## REQUIRED WORK
Below are the entries. Transcribe exactly the lines from the one with "10 2 Bedroom" through the one with "Son günlerin en", ends included, and leave out all others.

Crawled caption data
______________________________

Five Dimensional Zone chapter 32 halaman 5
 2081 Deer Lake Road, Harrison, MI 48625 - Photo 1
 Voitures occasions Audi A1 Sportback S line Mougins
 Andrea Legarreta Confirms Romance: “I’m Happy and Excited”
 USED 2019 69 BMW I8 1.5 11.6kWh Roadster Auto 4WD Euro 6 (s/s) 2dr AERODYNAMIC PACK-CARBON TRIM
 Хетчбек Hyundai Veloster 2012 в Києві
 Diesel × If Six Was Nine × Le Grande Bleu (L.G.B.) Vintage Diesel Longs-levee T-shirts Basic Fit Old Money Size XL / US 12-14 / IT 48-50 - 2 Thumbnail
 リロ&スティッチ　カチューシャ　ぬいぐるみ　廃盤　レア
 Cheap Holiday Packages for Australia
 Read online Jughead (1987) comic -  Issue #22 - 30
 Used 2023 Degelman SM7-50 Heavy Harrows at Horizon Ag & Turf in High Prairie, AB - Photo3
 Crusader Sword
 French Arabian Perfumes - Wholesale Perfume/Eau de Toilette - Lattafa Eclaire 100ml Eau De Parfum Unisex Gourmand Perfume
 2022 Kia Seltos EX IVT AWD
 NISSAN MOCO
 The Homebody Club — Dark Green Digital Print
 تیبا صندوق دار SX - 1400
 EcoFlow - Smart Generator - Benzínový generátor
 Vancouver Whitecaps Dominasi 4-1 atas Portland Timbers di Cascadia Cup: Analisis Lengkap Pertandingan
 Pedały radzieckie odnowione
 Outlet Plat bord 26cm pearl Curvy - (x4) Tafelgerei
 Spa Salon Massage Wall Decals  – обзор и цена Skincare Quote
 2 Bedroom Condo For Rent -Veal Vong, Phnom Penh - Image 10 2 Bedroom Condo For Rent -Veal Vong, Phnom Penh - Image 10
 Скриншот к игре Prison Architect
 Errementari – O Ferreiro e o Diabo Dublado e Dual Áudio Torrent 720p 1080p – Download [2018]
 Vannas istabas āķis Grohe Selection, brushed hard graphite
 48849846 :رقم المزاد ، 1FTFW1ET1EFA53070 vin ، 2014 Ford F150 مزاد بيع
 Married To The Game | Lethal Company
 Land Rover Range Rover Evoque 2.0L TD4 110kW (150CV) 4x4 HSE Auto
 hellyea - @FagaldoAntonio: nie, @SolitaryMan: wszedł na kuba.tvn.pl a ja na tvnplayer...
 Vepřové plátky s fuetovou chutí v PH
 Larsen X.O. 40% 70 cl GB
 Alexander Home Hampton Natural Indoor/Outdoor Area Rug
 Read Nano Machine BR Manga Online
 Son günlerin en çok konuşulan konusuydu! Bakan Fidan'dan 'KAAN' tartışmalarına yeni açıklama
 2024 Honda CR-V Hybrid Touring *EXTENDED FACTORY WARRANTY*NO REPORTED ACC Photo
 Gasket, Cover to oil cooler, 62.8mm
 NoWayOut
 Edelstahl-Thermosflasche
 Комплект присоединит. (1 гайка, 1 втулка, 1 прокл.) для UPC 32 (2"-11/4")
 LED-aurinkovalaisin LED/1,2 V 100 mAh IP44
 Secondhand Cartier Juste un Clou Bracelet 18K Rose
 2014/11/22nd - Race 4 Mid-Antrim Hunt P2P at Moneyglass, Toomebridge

______________________________

## RESPONSE TO THIS TASK
 2 Bedroom Condo For Rent -Veal Vong, Phnom Penh - Image 10 2 Bedroom Condo For Rent -Veal Vong, Phnom Penh - Image 10
 Скриншот к игре Prison Architect
 Errementari – O Ferreiro e o Diabo Dublado e Dual Áudio Torrent 720p 1080p – Download [2018]
 Vannas istabas āķis Grohe Selection, brushed hard graphite
 48849846 :رقم المزاد ، 1FTFW1ET1EFA53070 vin ، 2014 Ford F150 مزاد بيع
 Married To The Game | Lethal Company
 Land Rover Range Rover Evoque 2.0L TD4 110kW (150CV) 4x4 HSE Auto
 hellyea - @FagaldoAntonio: nie, @SolitaryMan: wszedł na kuba.tvn.pl a ja na tvnplayer...
 Vepřové plátky s fuetovou chutí v PH
 Larsen X.O. 40% 70 cl GB
 Alexander Home Hampton Natural Indoor/Outdoor Area Rug
 Read Nano Machine BR Manga Online
 Son günlerin en çok konuşulan konusuydu! Bakan Fidan'dan 'KAAN' tartışmalarına yeni açıklama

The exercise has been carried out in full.